The nursing and finance/accounting kids have both been starting at reasonably paying salaries in my neck-of-the-woods (very large U.S. city).
But for kids that aren't choosing in-demand degrees or in places with high demand, I'd probably consider following their education with a skilled trade or some other entrepreneurial endeavor. If they're going to work for peanuts and no bennies, may as well take a crack at building something for yourself. Guys in my city have become millionaires selling hot dogs and pizza!
My solution is to make a more business friendly environment in this country. All business, not just mega-corps. Its a place to start anyways. Reducing the size of government, not growing it would also be helpful.
Not trying to needle you but, you didn't answer my question about subsidizing wages.
It depends, a lot of the smaller manufacturing firms, do indeed not pay much with little benefits.
Others, like Shaw (one of Warren Buffet's companies) pay well, but they are prone to high lay offs during economic down turns.
Still others are good year round.
I have a stick in my craw about our post secondary school system.

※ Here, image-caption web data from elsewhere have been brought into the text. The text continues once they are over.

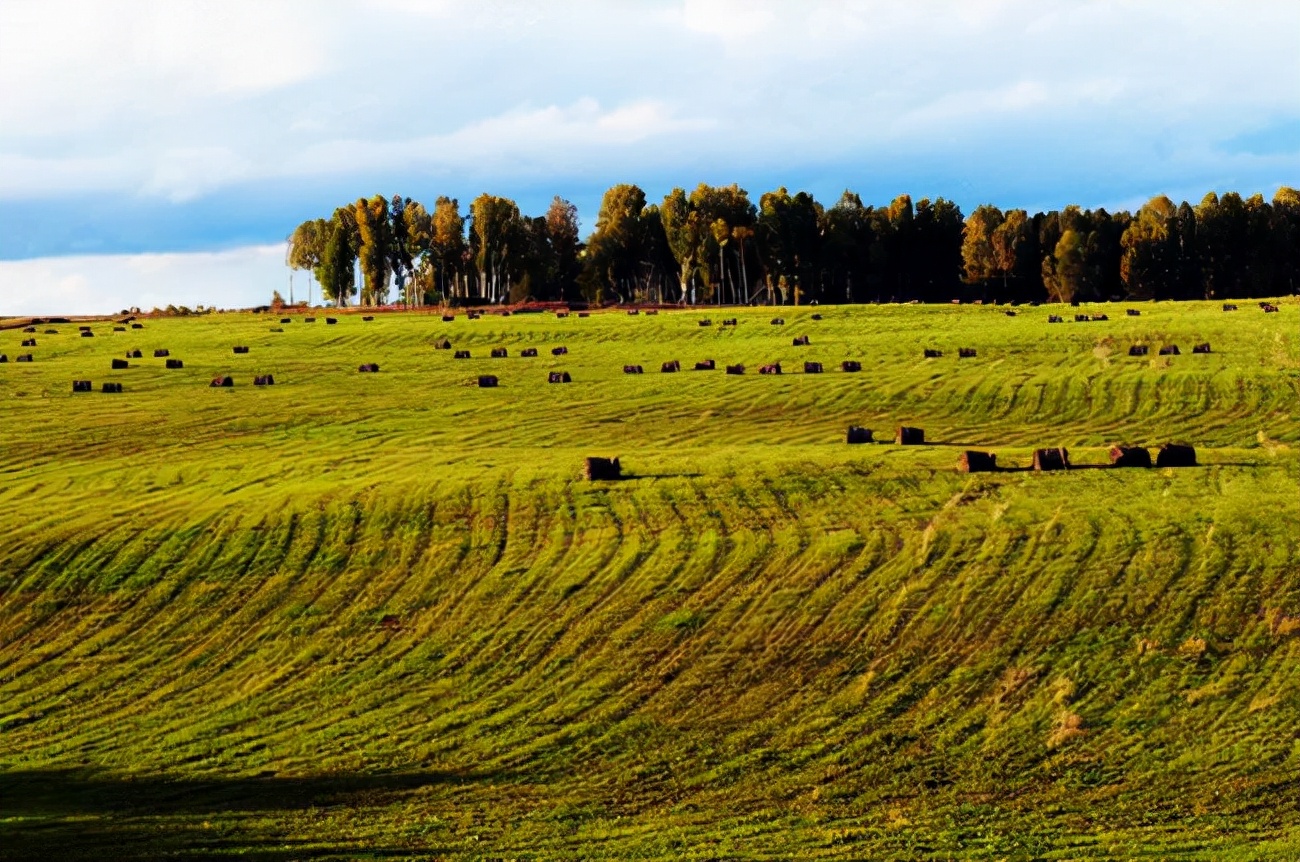 俄罗斯作为能源大国,俄罗斯是富裕的国家吗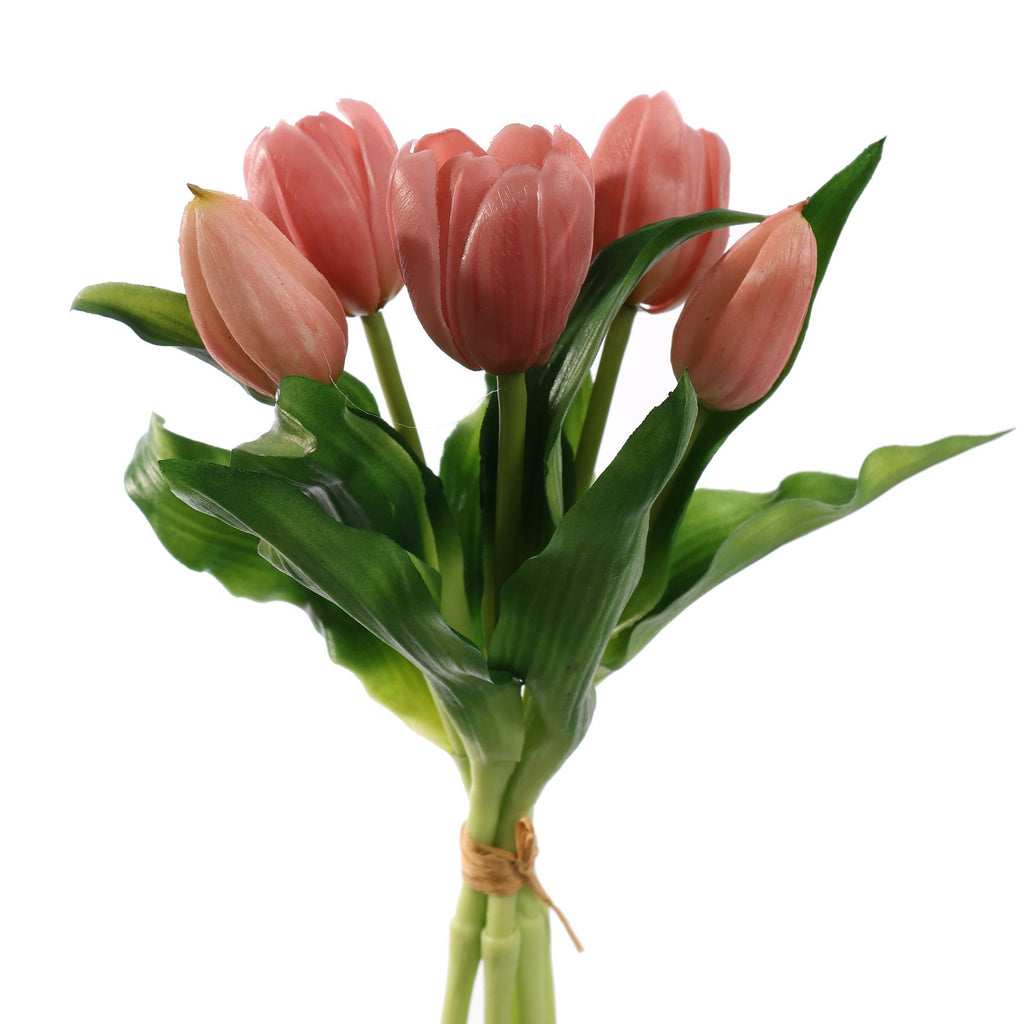 Tulpen Pink bundel van 5 (30cm)
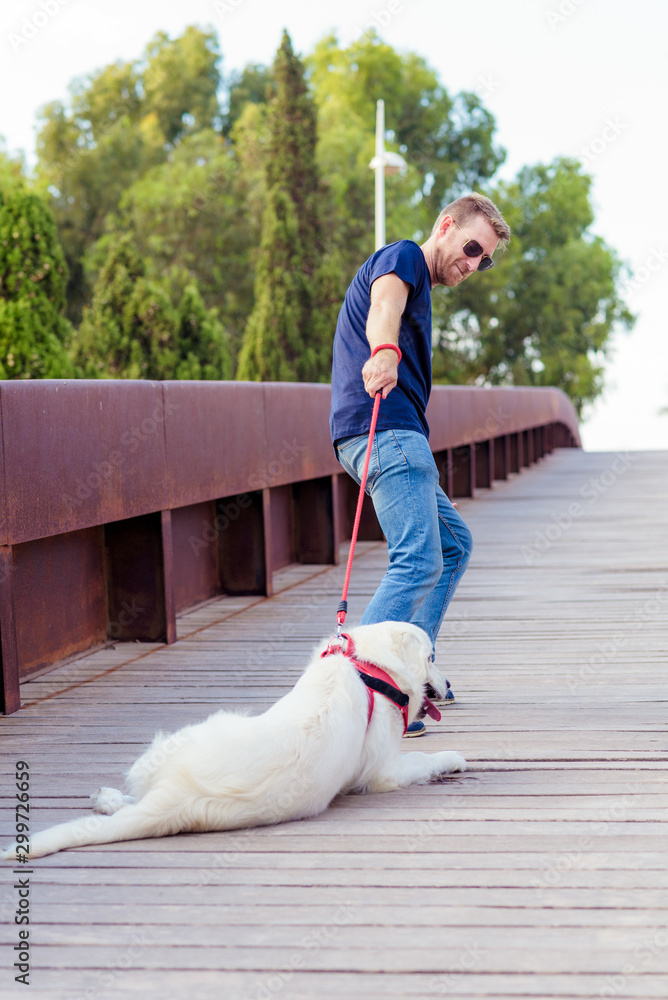 How Do You Walk A Dog That Doesnt Want To Walk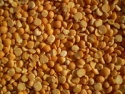 yellow split peas - product's photo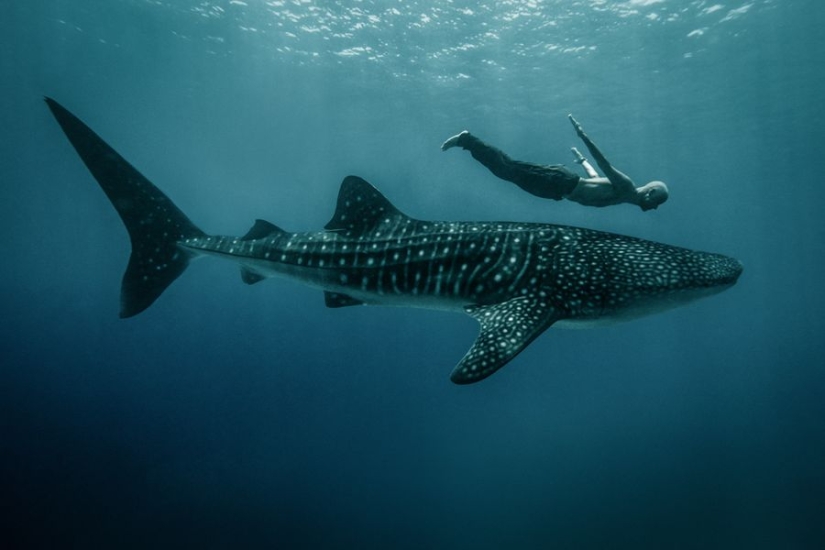 Increíbles retratos de modelos asiáticos y celebridades con animales salvajes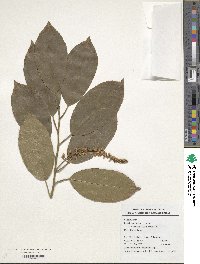 Image of Itea omeiensis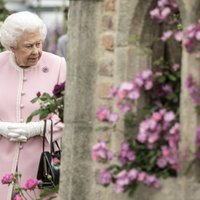 Karaliene Elizabete II akceptē likumprojektu bezvienošanās 'Brexit' novēršanai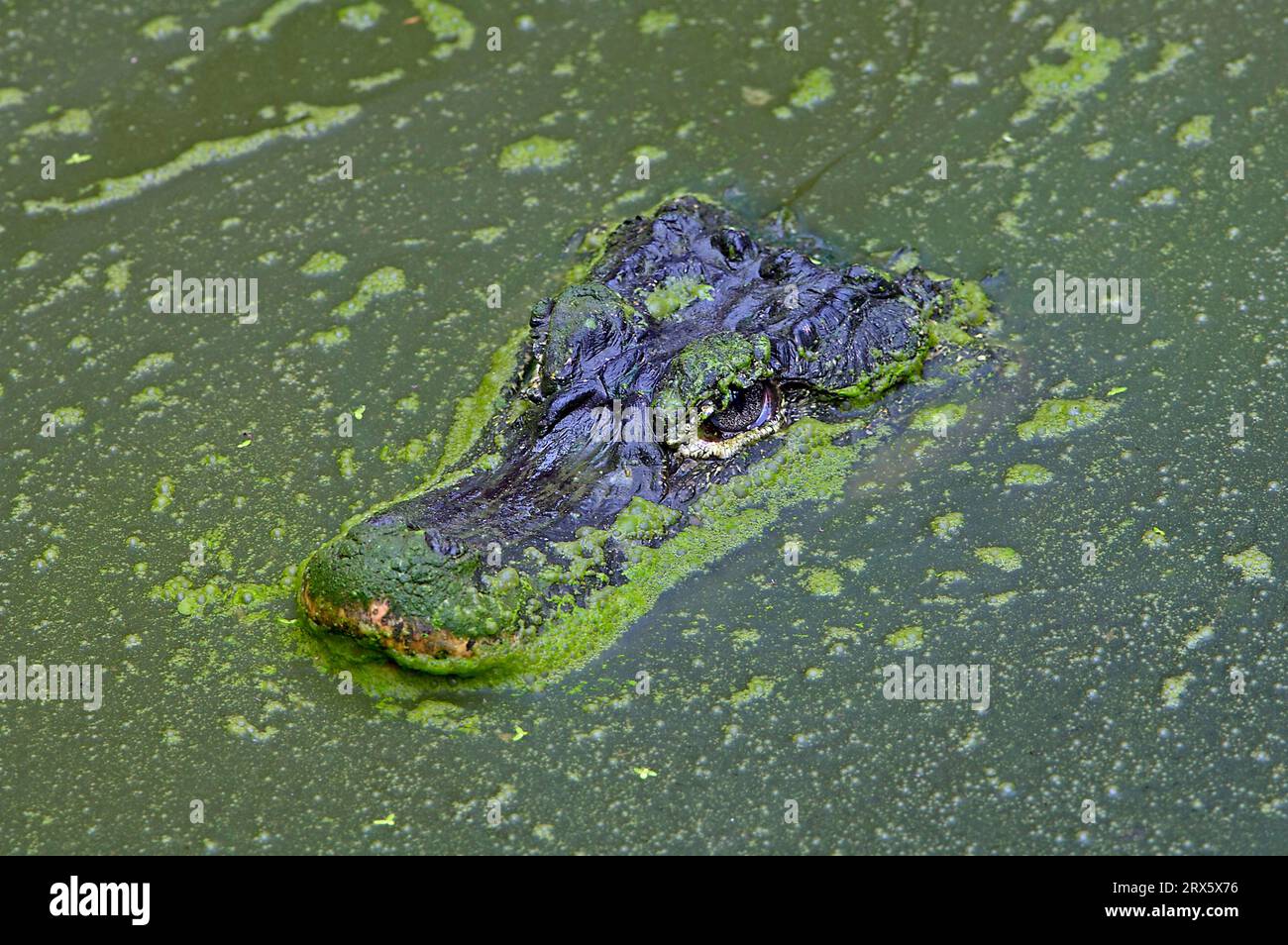 Chinese chinese alligator (Alligator sinensis) Stock Photo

It's being shown to be nothing more than signaling (it's a legal mine field for companies to test potential employees for competency) and less about being an actual knowledge gaining experience.

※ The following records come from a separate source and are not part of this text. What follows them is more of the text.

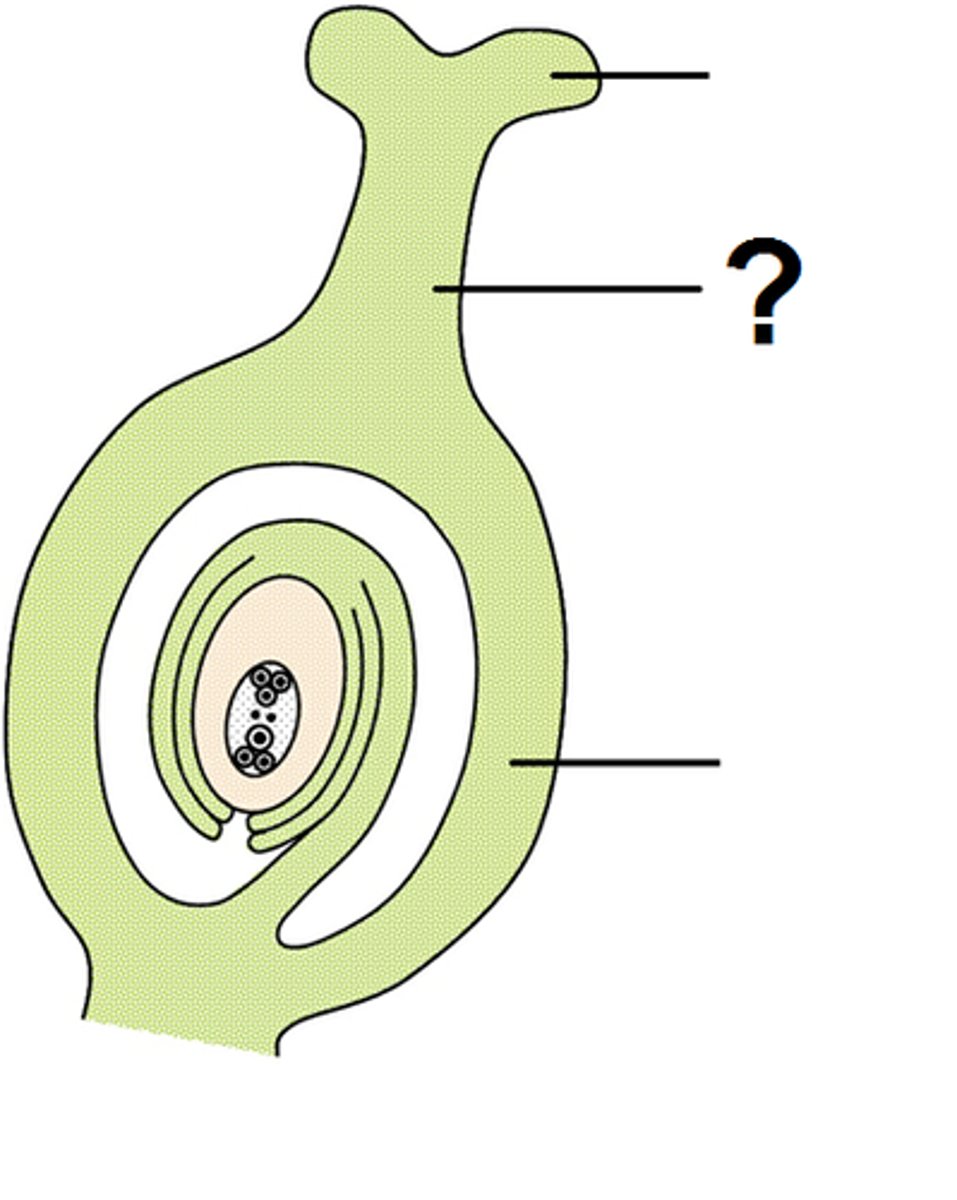 <p>Tube that connects the stigma to the ovary</p>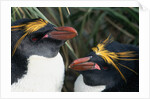 Pair of Nesting Macaroni Penguins by Anonymous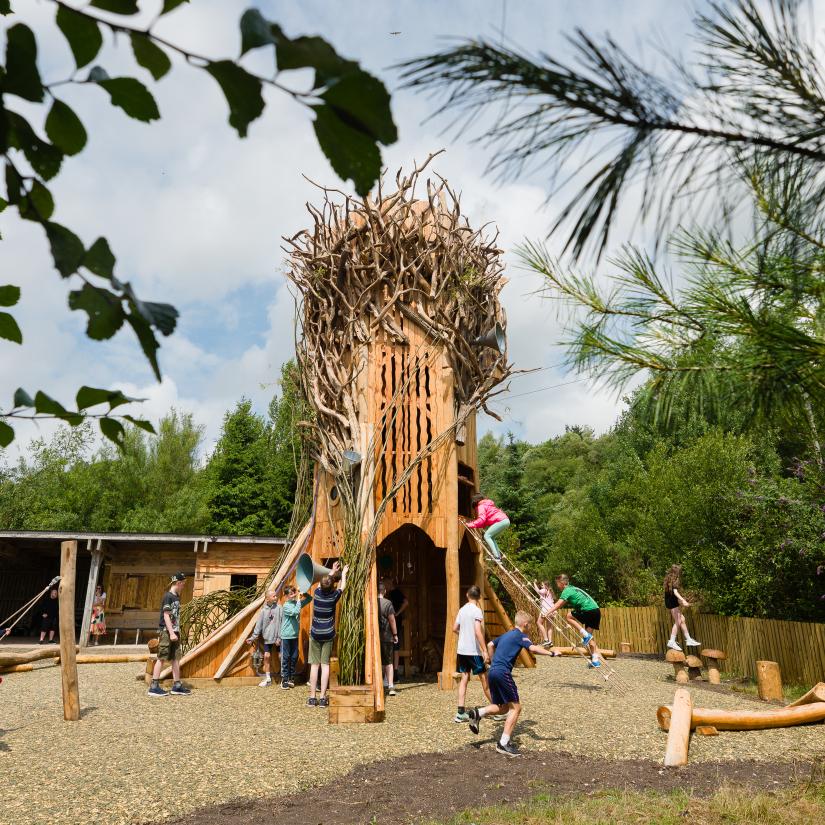 Outdoor playground for kids deals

With the cost and time spent in it, it's a massive waste of money and time, an overall drag of the economy itself.
We need to find a better way.
I've seen a number of computer content generation folks get good jobs with NO college. Taught themselves the skills so they could do things they wanted to do and it turned out those skills were in demand.
(Most got in through networking/introduction, as they wouldn't have even made it through the first resume pass based on education alone)
I don't know if you play video games, but the mods for some of them are better than the content put in the game developers themselves.
These are kids/young adults with little to no formal training.
I would encourage your son to look at trends in AI. Accounting/finance are both positions AI is coming for soon.
Pretty much anybody going to school needs to make sure machines won't already have the jobs they are training for when they graduate.
(Nursing should be OK for a while yet)
The only real way to make America more business friendly is for American workers to work for about $5/day.
All the talk about regulations/taxes is mostly just that. Talk. Cheap labor is the draw. Eliminate regs and taxes and it still would probably be more profitable to use desperate foreign labor. (And our infrastructure would eventually fail and our rivers would burn again, etc.)
Not trying to be a jerk, but this issue is FAR more complex than think-tank generated "common sense" can address.
There is really three main groups of modders from my experience.
1. People doing it just for fun.
2. People that want to be in the industry.
3. People that are in the industry.
All three groups can be highly skilled and release quality mods.
2 of the highest quality Skyrim modders are just college kids.
They do excellent and novel work.
That is not going to be happening any time soon, you can automate parts of the job but not all of it, all technology will be doing in those fields in the near future is increasing efficiency. I am studying those systems, accountants and bankers do not need to fear for their jobs yet.
If you actually believe this, what would be the point of further discussion with you.
Increases in efficiency often lead to fewer jobs.
Its the new AI systems' ability to learn that's the game changer.
Any Job where large amounts of data are being analysed are at risk because machines do it better. Especially when what is done with that analysis is pretty repetitive.
And that's what accounting is, at the end of the day. So I would expect one guy with several AIs doing the work once done by ten, or some such.
The idea that machines can't "think" like we do is rapidly becoming incorrect.
It was thought until recently that no computer could win at Go. Now an AI can beat the best.